I write as a professional ethnographer who conducted direct studies of drug dealers and users in New York City in the early and mid-1980's, up through the beginning of the crack epidemic. Since then, I have continued to study other aspects of inner-city life, all of them profoundly influenced by crack, and I have worked with other ethnographers who have studied crack users and dealers. The following discussion draws on my own work and that of my colleagues, particularly Richard Curtis and Ainsley Hamid in Brooklyn.
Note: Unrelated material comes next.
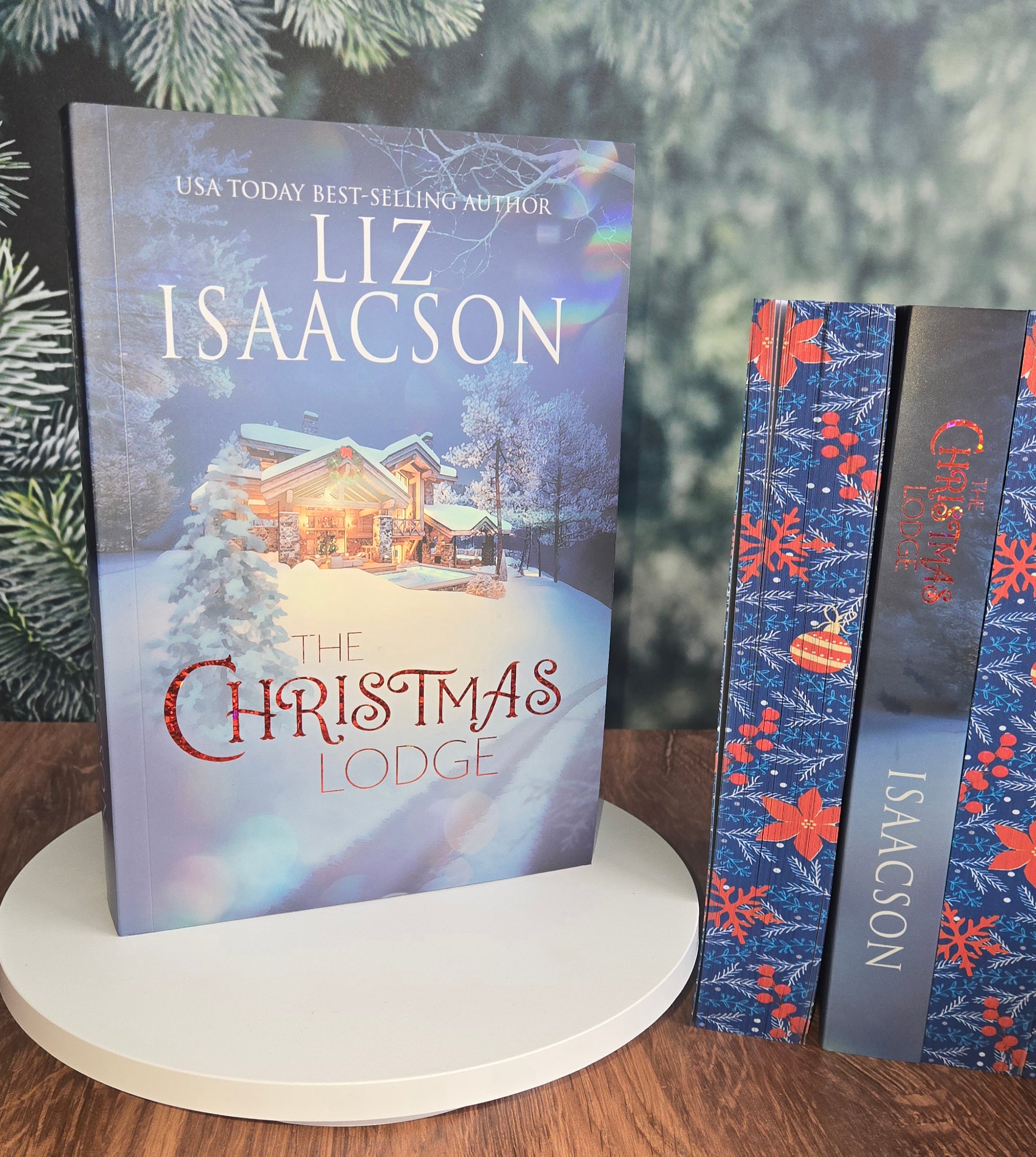 Book titled 'The Christmas Lodge' by Liz Isaacson with decorative ribbons on a wooden surface.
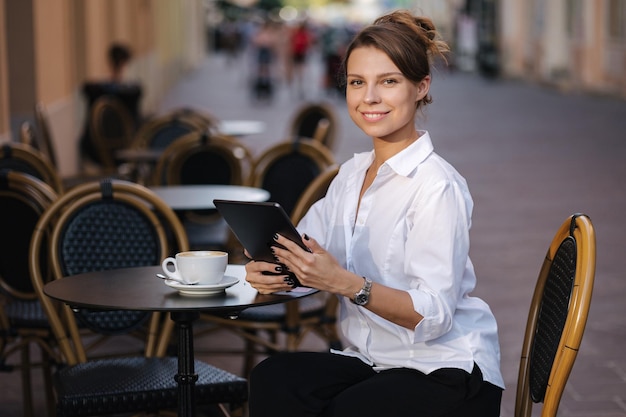 Mujer de negocios trabajando al aire libre en la terraza de un café usando una tableta independiente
Much of the ethnodrama rings true in this wider context, primarily the sound of the composite speaker's voice with its mixture of intent to shock, bemusement, regret, and moral resolve to reform personally and warn others of the danger. At the same time, there are a number of inaccuracies; a more serious problem is that the image projected by the ethnodrama is tied to a particular kind of speaker and place, with no acknowledgement of this fact.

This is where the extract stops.